**Exercise instructions**: Could you please retype all of the records exactly, skipping any pictures?

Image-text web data
────────────────────────────────────────

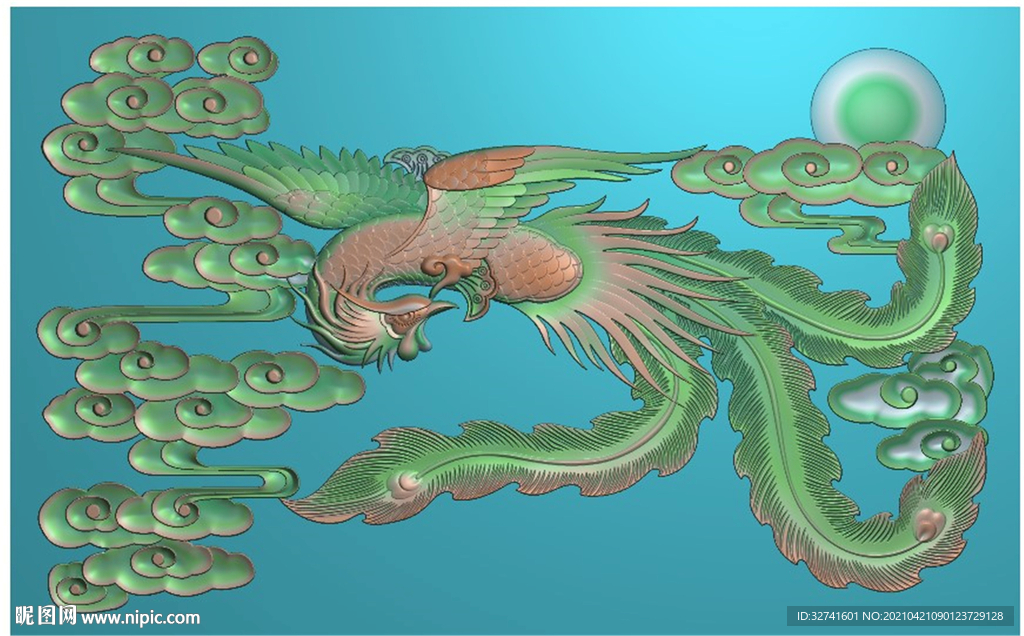 祥云單鳳鳳凰浮雕圖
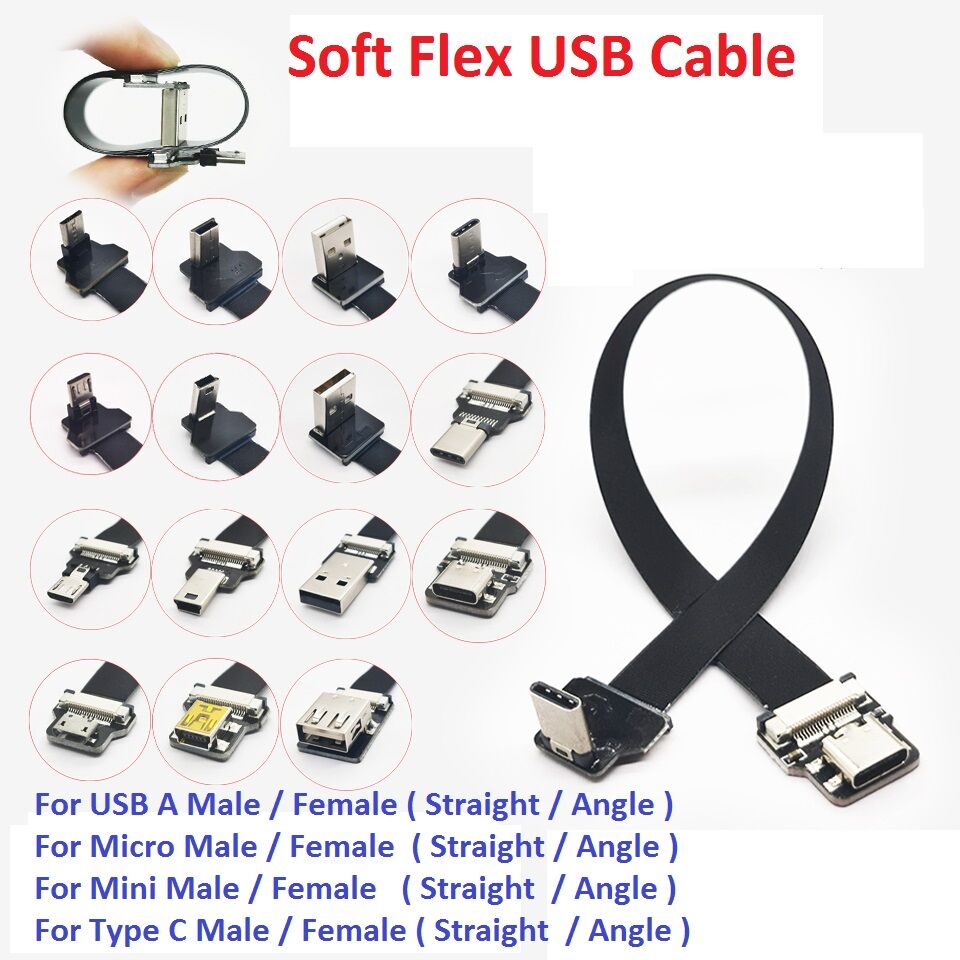 Black FFC USB C FPV Flat Slim Thin Ribbon FPC Cable USB Type-C 90 Degree to USB A for sync and Charging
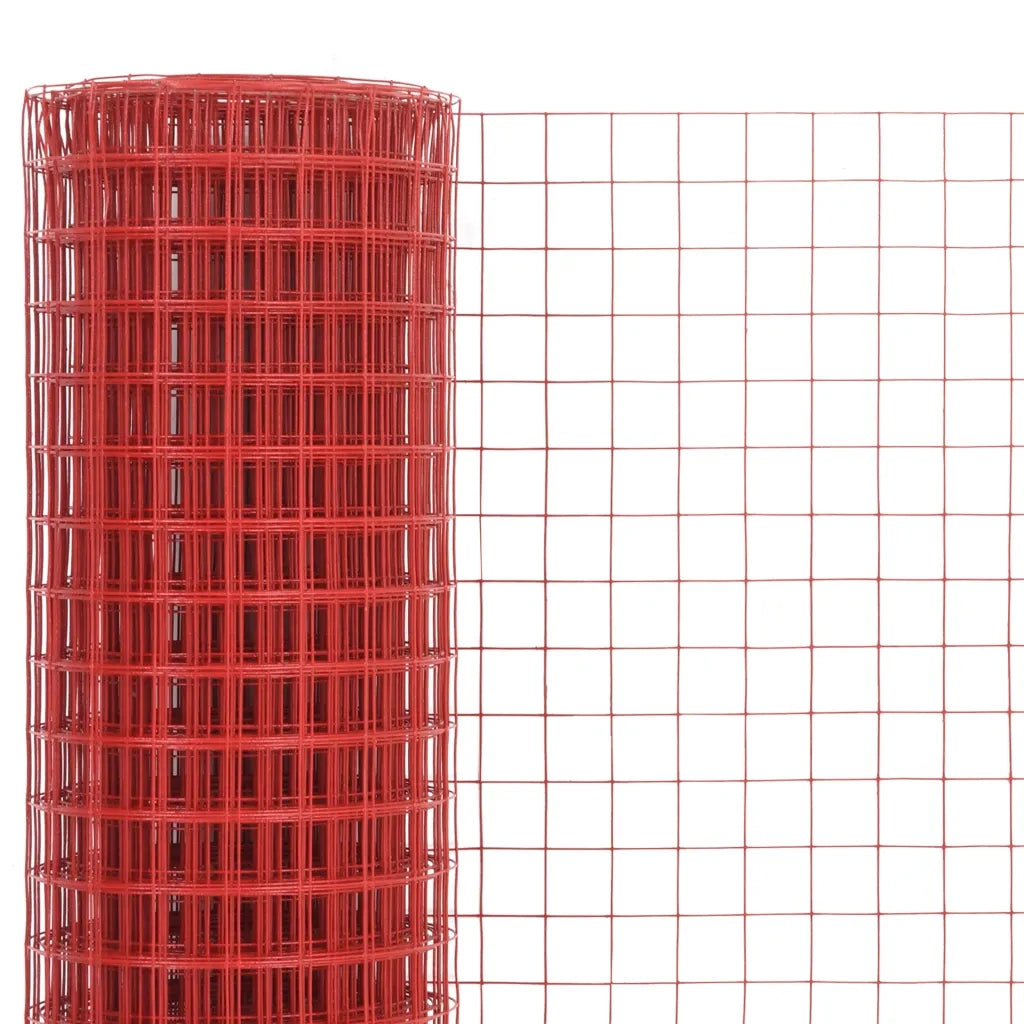 Recinzione da Giardino | Recinzione in Rete per Pollaio in Acciaio e PVC 25x0,5 m Rossa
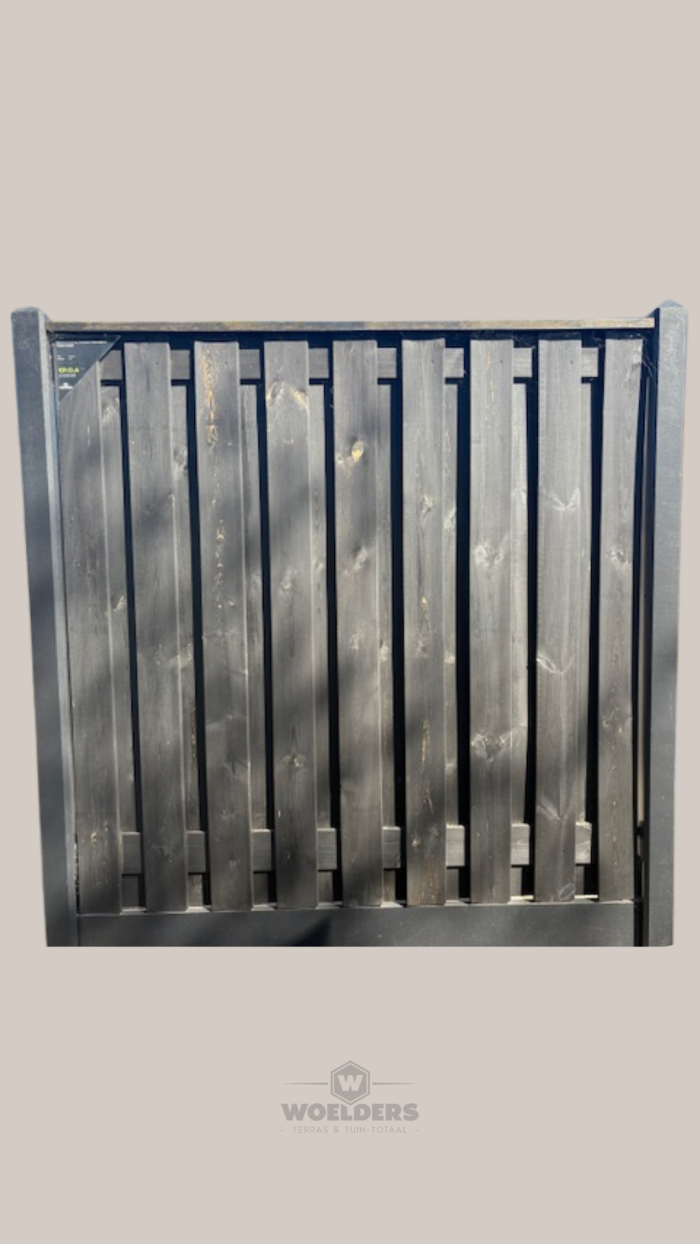 Schuttingpanelen Vuren Zwart 21-planks Geschaafd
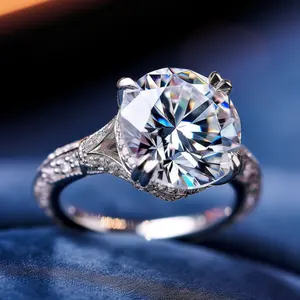 MEDBOO Mossanite Schmuck für Frau Geschenk 14 Karat Weißgold Ringe 3ct Moissan ite Diamant Dating Ring Mode Hochzeit weiblichen Ring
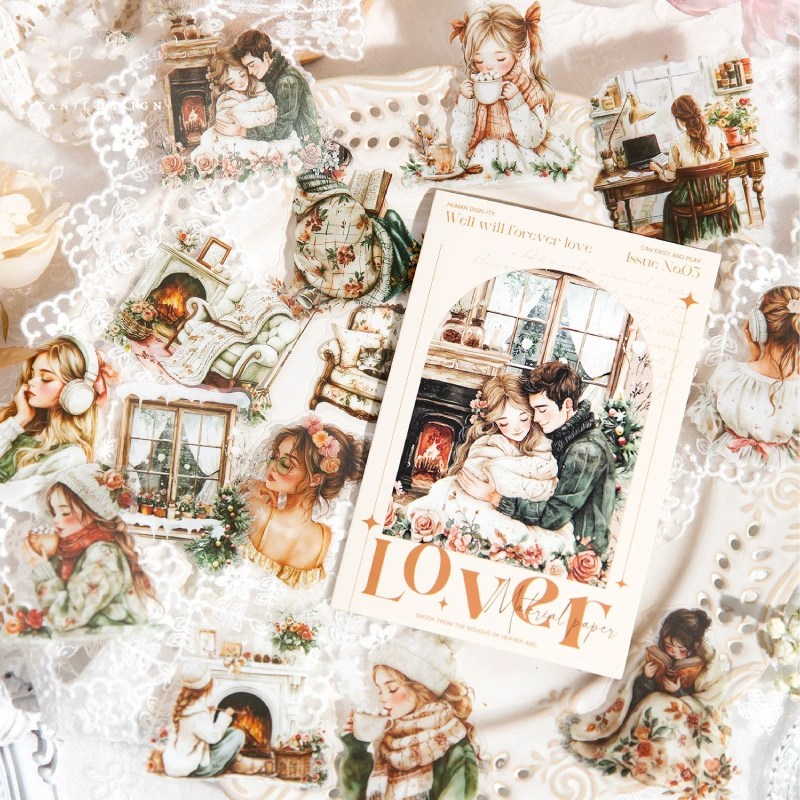 올리브파티 연인 시리즈 소녀 소년 커플 인물 빈티지 다꾸 감성 스티커 30매 세트 13,500원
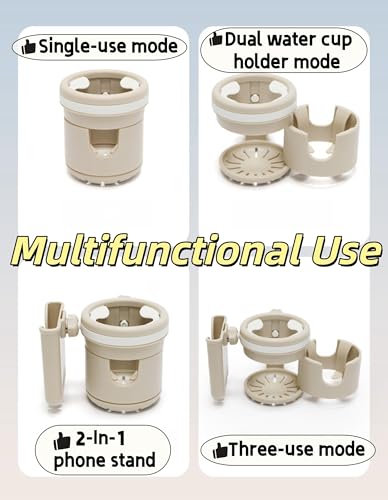 3-in-1 Stroller Cup Holder, Baby Stroller Accessories with Bottle Holder, Phone Mount, and Drink Caddy for Strollers, Perfect for Parents on The Go (Beige) - style: Beige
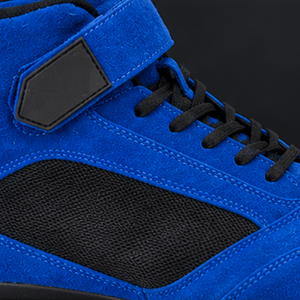 Bottes de moto en cuir véritable bleu, hauteur cheville, fermeture auto-agrippante, doublure en maille respirante, semelle extérieure en caoutchouc, semelle intermédiaire en EVA, légères, toutes saisons - Product Image 5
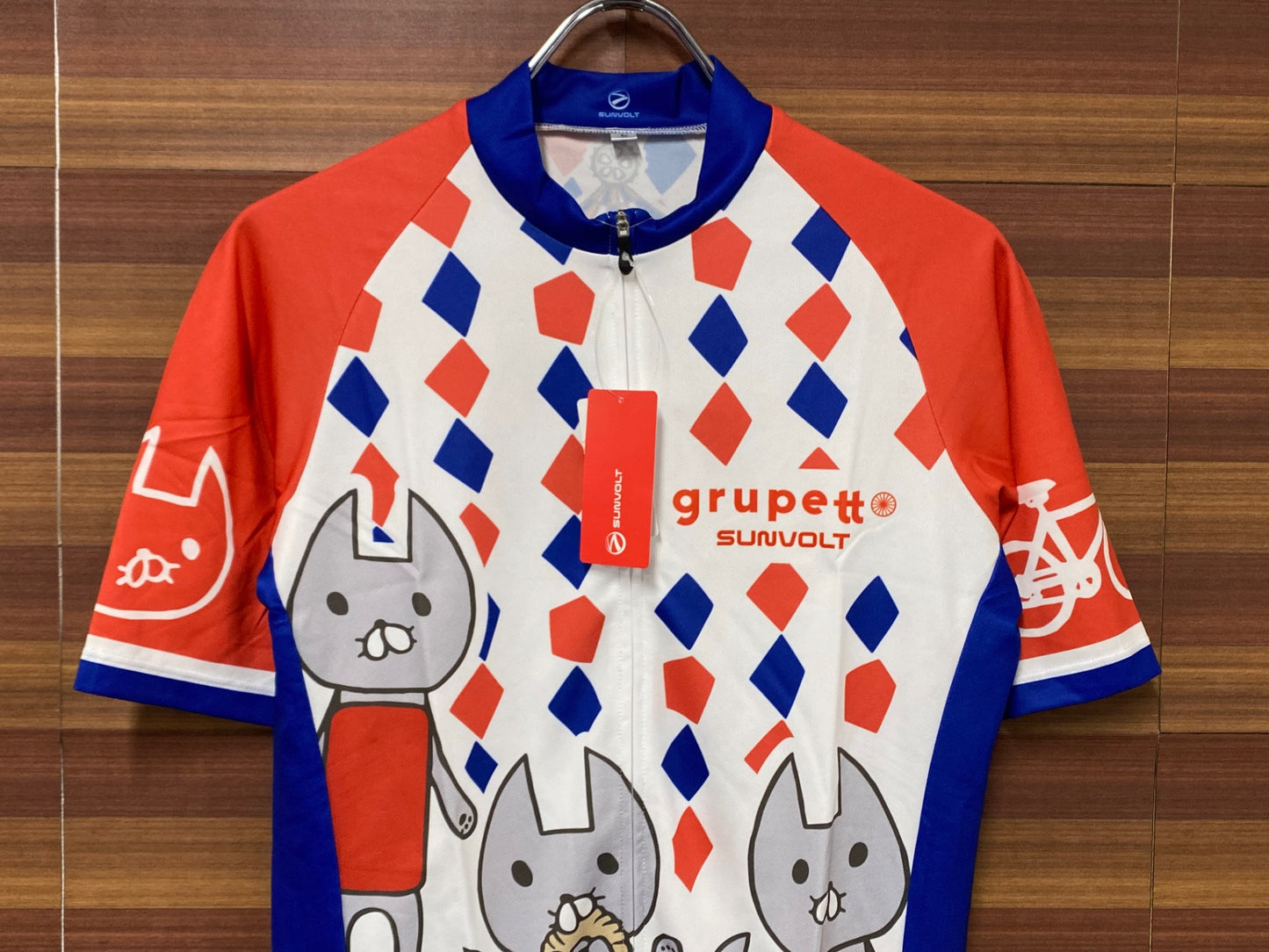 IS010 サンボルト SUNVOLT 半袖 サイクルジャージ 白 L grupetto 絹山サメハル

────────────────────────────────────────

**Output of the task**:
 祥云單鳳鳳凰浮雕圖
 Black FFC USB C FPV Flat Slim Thin Ribbon FPC Cable USB Type-C 90 Degree to USB A for sync and Charging
 Recinzione da Giardino | Recinzione in Rete per Pollaio in Acciaio e PVC 25x0,5 m Rossa
 Schuttingpanelen Vuren Zwart 21-planks Geschaafd
 MEDBOO Mossanite Schmuck für Frau Geschenk 14 Karat Weißgold Ringe 3ct Moissan ite Diamant Dating Ring Mode Hochzeit weiblichen Ring
 올리브파티 연인 시리즈 소녀 소년 커플 인물 빈티지 다꾸 감성 스티커 30매 세트 13,500원
 3-in-1 Stroller Cup Holder, Baby Stroller Accessories with Bottle Holder, Phone Mount, and Drink Caddy for Strollers, Perfect for Parents on The Go (Beige) - style: Beige
 Bottes de moto en cuir véritable bleu, hauteur cheville, fermeture auto-agrippante, doublure en maille respirante, semelle extérieure en caoutchouc, semelle intermédiaire en EVA, légères, toutes saisons - Product Image 5
 IS010 サンボルト SUNVOLT 半袖 サイクルジャージ 白 L grupetto 絹山サメハル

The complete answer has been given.